What the exercise asks: Without the pictures, print the lines from the one holding "Autos - Toyota" through the last line below, both included, exactly as they stand.

Supplied entries:
::::::::
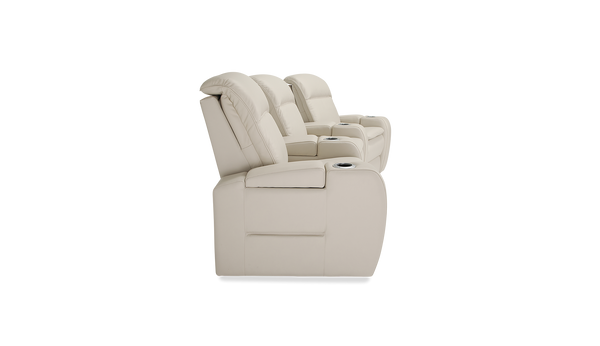 Vertex Home Theater Seating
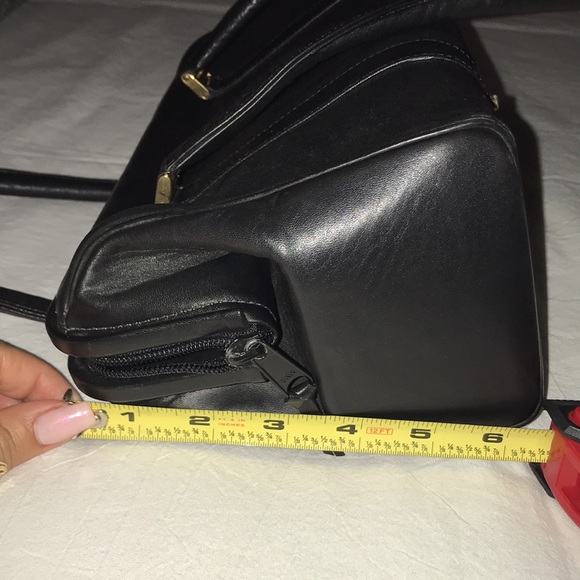 Givenchy Handbag - Picture 11 of 11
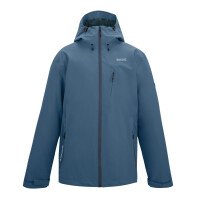 Oklarna Waterproof Jacket Men afbeelding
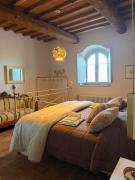 Top Monteroni dʼArbia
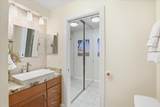 191 Kihei Rd - Photo 31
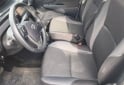 Autos - Toyota Etios 2023 Nafta 8000Km - En Venta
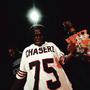 $ack Chaserz (feat. ViolaSon) [Explicit]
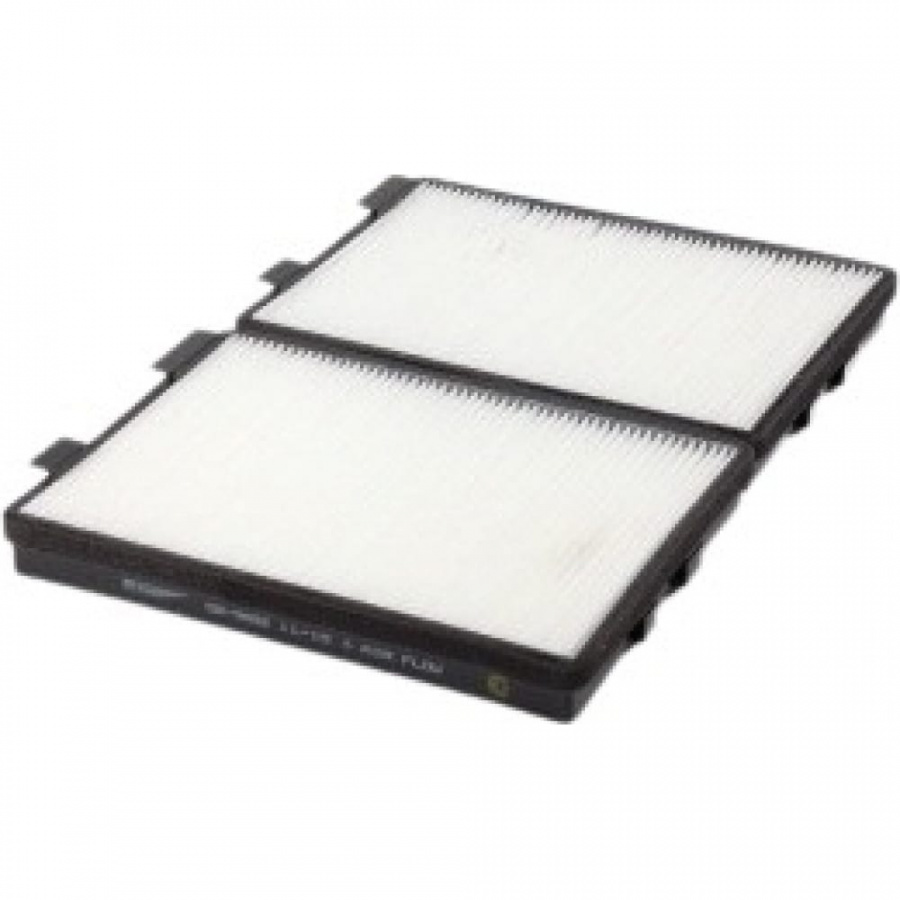 Фильтр 2 шт BIG FILTER GB9852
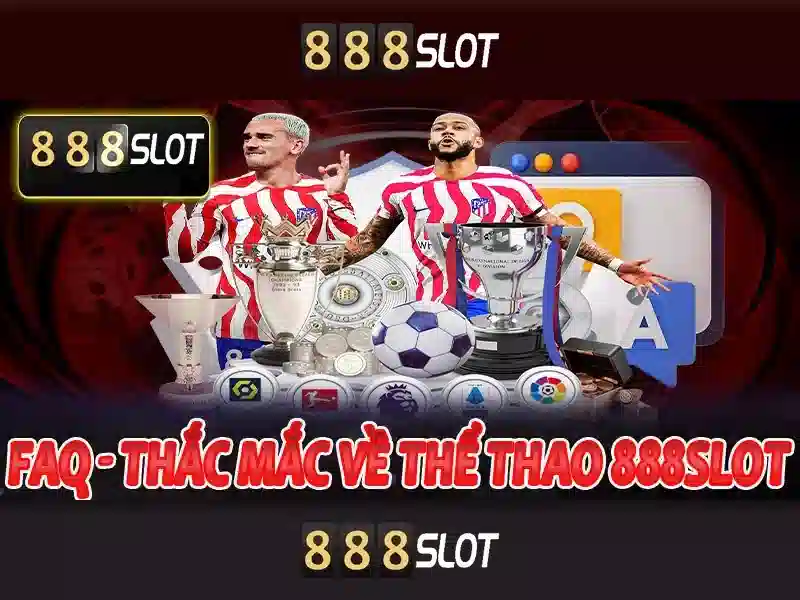 888slot: Nền tảng casino trực tuyến hàng đầu tại thị trường Việt Nam Giao diện nhà cái hoàn hảo
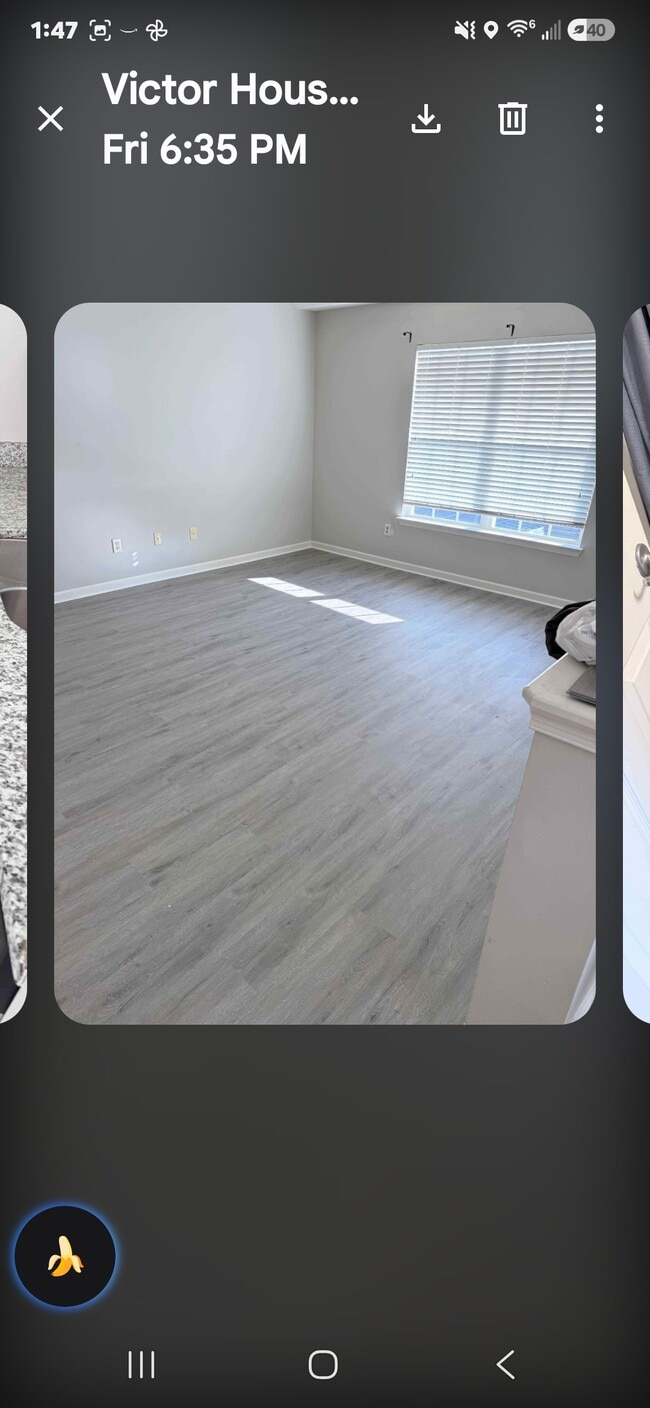Photo - 1710 Duntrune Gln Unidad Braemar Creek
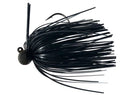 FITZGERALD FISHING THRIFT TUNGSTEN MICRO JIG-2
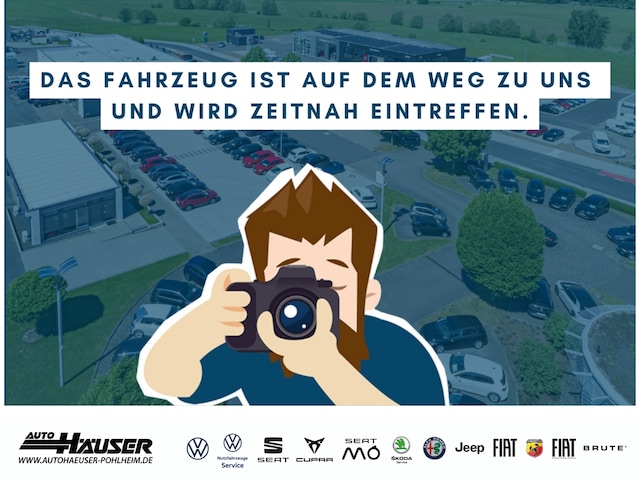 Cupra Leon 2.0 TSI 4Drive DSG Sportstourer VZ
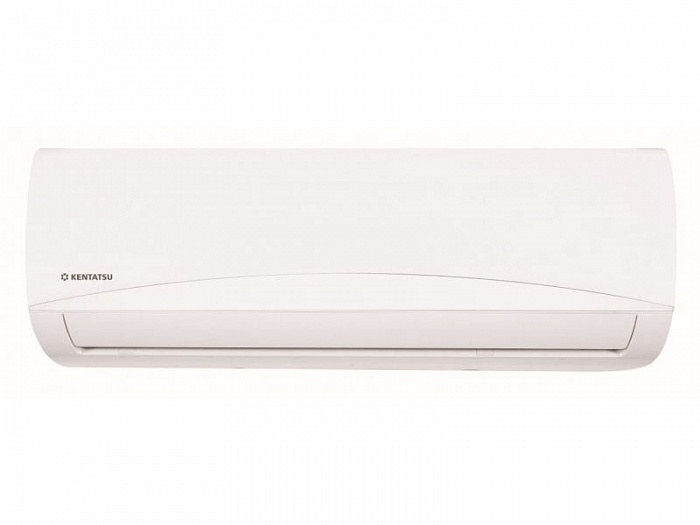 Kentatsu KSGB26HFAN1 / KSRB26HFAN1 Сплит-система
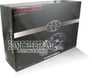 Phoenix Gold Ryval V690 Image 6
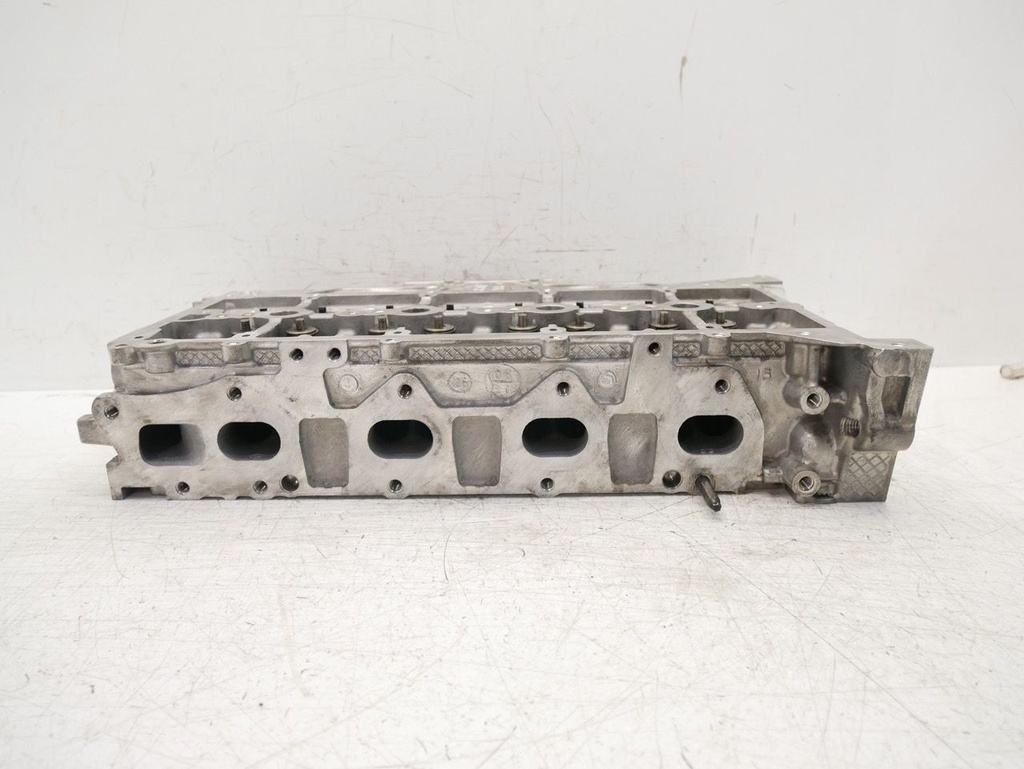 MTD-455408-5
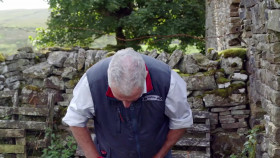Our Farm Next Door Amanda Clive And Kids S01E01 1080p WEB H264-CBFM EZTV
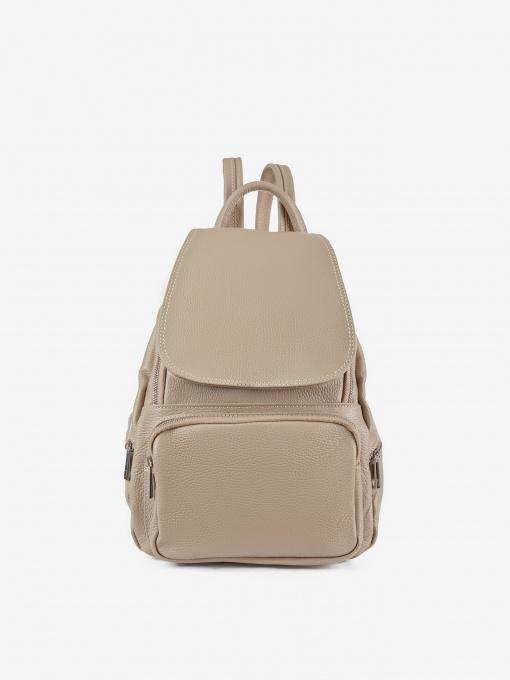 Повсякденний рюкзак Regina Notte модель 2000000196503 Фото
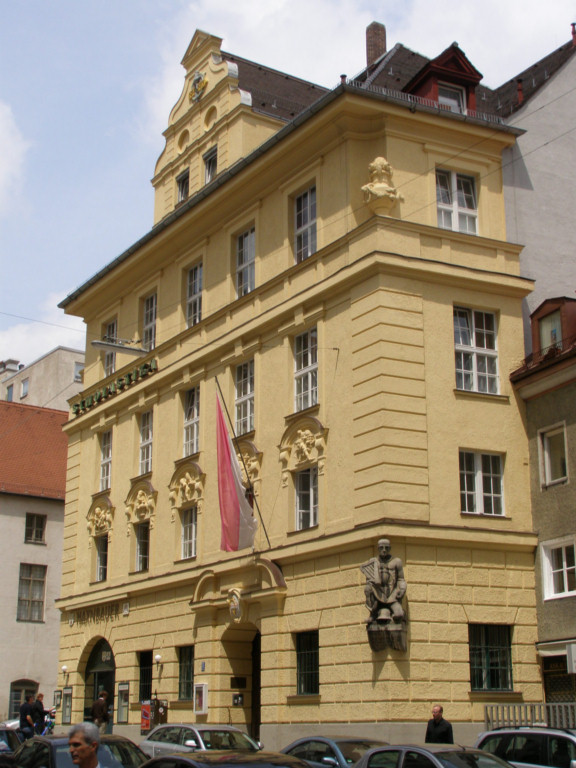 P6280372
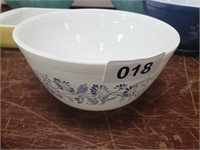 PYREX BOWL 1.5L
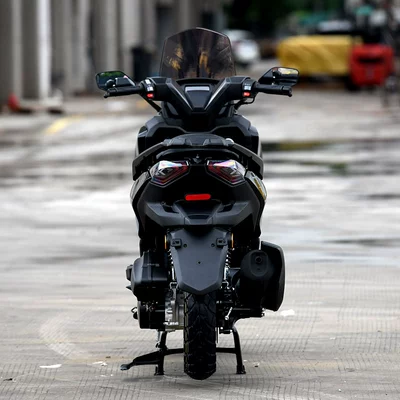 and off-road motorcycles for – Motosikletlər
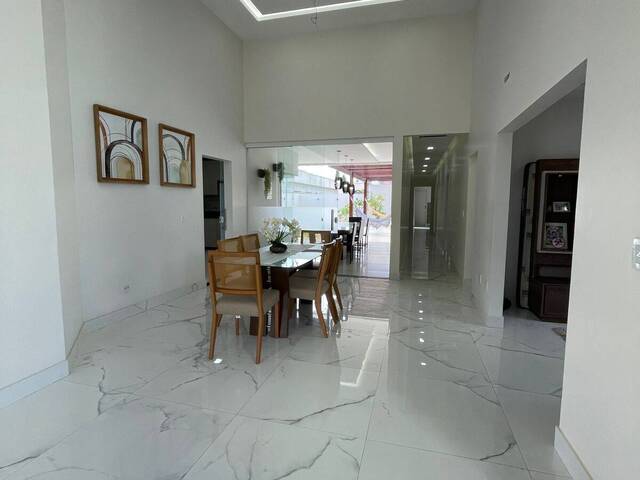 Casa para Venda em Campos dos Goytacazes - 4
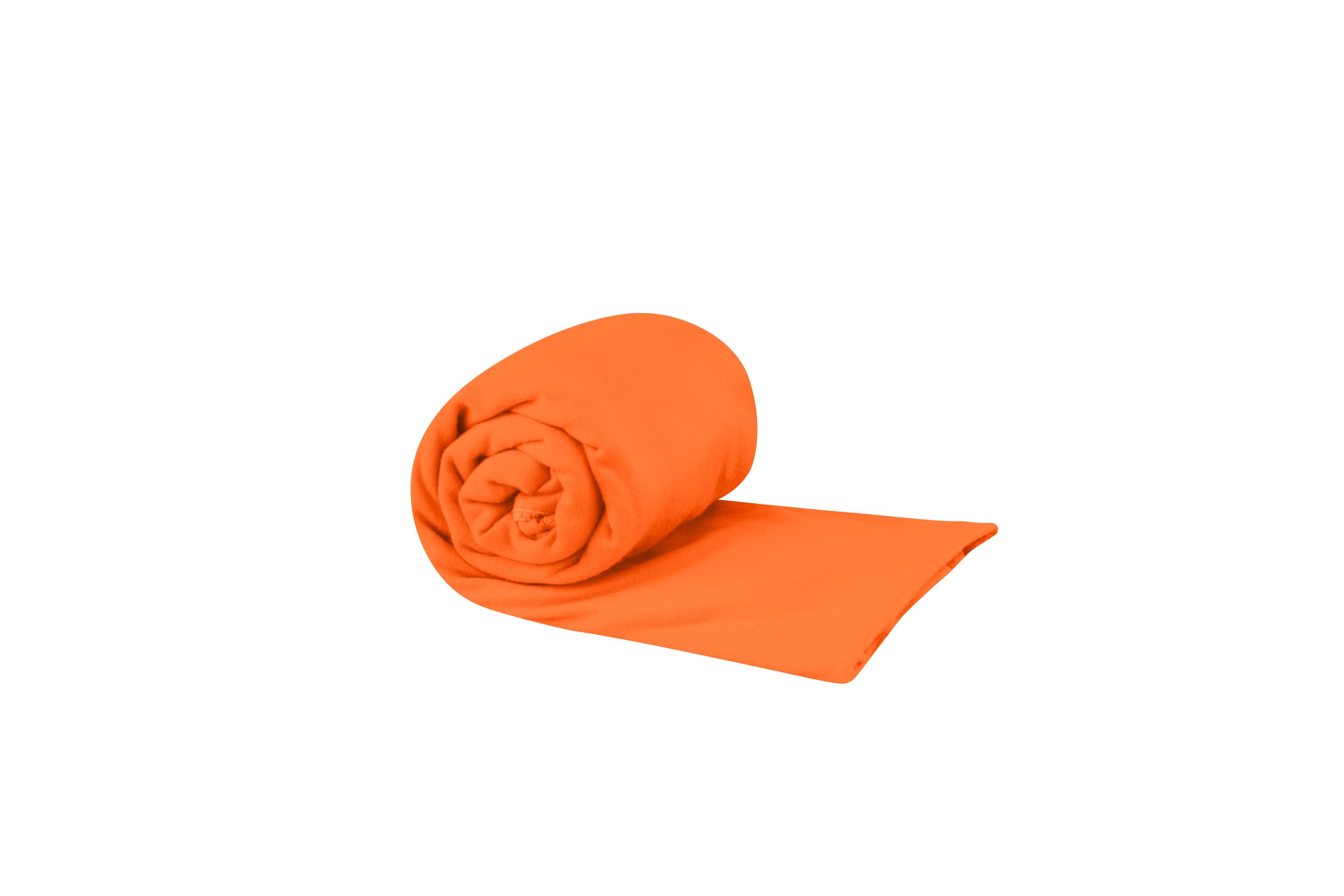 Reisehandtuch – Sea to Summit – Pocket Towel XL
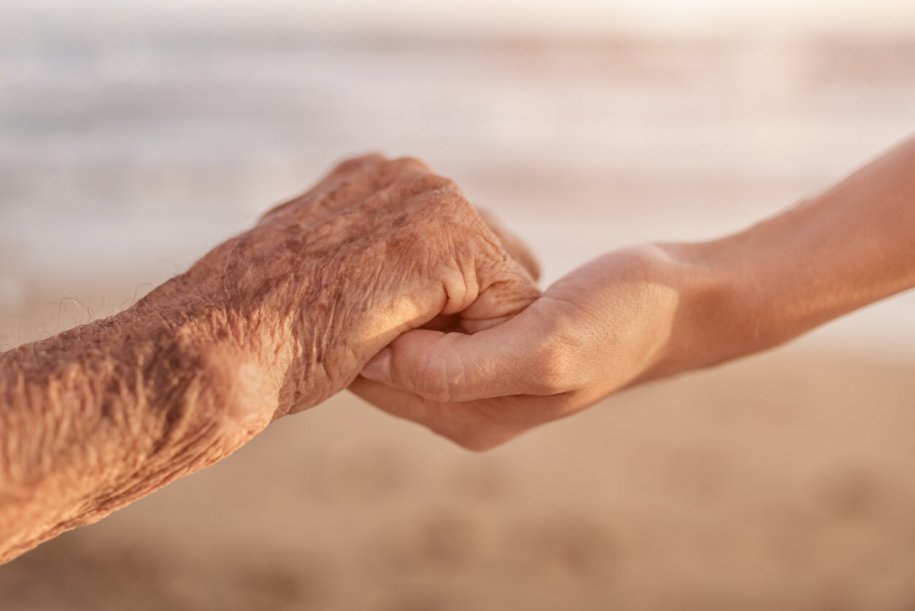 Answering Your Questions About Hospice Care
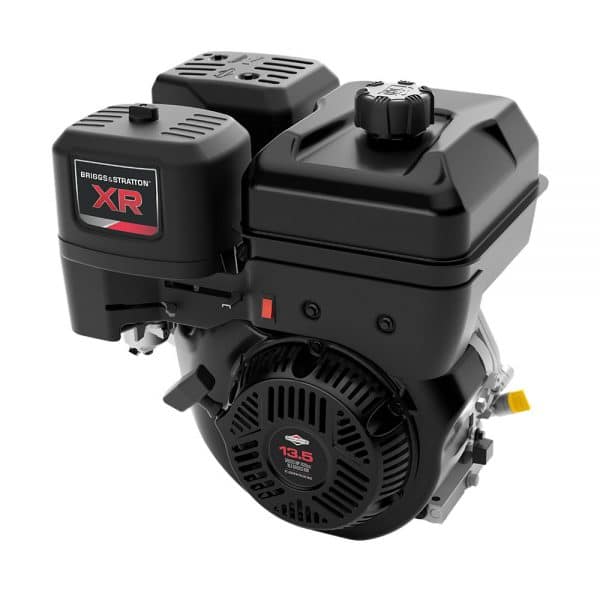 Briggs & Stratton XR 13.5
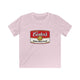 Carter's Mmm, Mmm, Good! Kids T Shirt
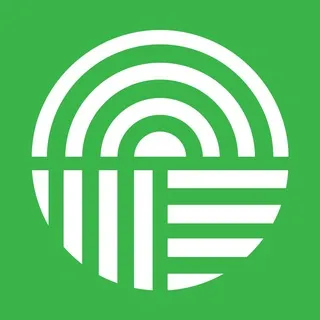 Cowo.guru - середовище мислення та дієвості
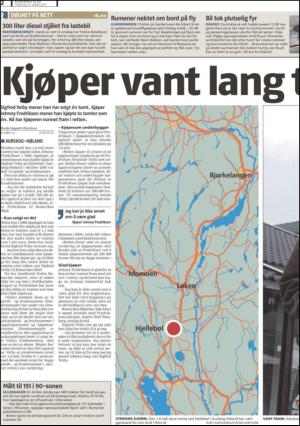 romerikesblad_nedre-20110331_000_00_00_002.pdf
::::::::
Answer for the task:
 Autos - Toyota Etios 2023 Nafta 8000Km - En Venta
 $ack Chaserz (feat. ViolaSon) [Explicit]
 Фильтр 2 шт BIG FILTER GB9852
 888slot: Nền tảng casino trực tuyến hàng đầu tại thị trường Việt Nam Giao diện nhà cái hoàn hảo
Photo - 1710 Duntrune Gln Unidad Braemar Creek
 FITZGERALD FISHING THRIFT TUNGSTEN MICRO JIG-2
 Cupra Leon 2.0 TSI 4Drive DSG Sportstourer VZ
 Kentatsu KSGB26HFAN1 / KSRB26HFAN1 Сплит-система
 Phoenix Gold Ryval V690 Image 6
 MTD-455408-5
Our Farm Next Door Amanda Clive And Kids S01E01 1080p WEB H264-CBFM EZTV
 Повсякденний рюкзак Regina Notte модель 2000000196503 Фото
 P6280372
 PYREX BOWL 1.5L
 and off-road motorcycles for – Motosikletlər
 Casa para Venda em Campos dos Goytacazes - 4
 Reisehandtuch – Sea to Summit – Pocket Towel XL
 Answering Your Questions About Hospice Care
 Briggs & Stratton XR 13.5
 Carter's Mmm, Mmm, Good! Kids T Shirt
 Cowo.guru - середовище мислення та дієвості
 romerikesblad_nedre-20110331_000_00_00_002.pdf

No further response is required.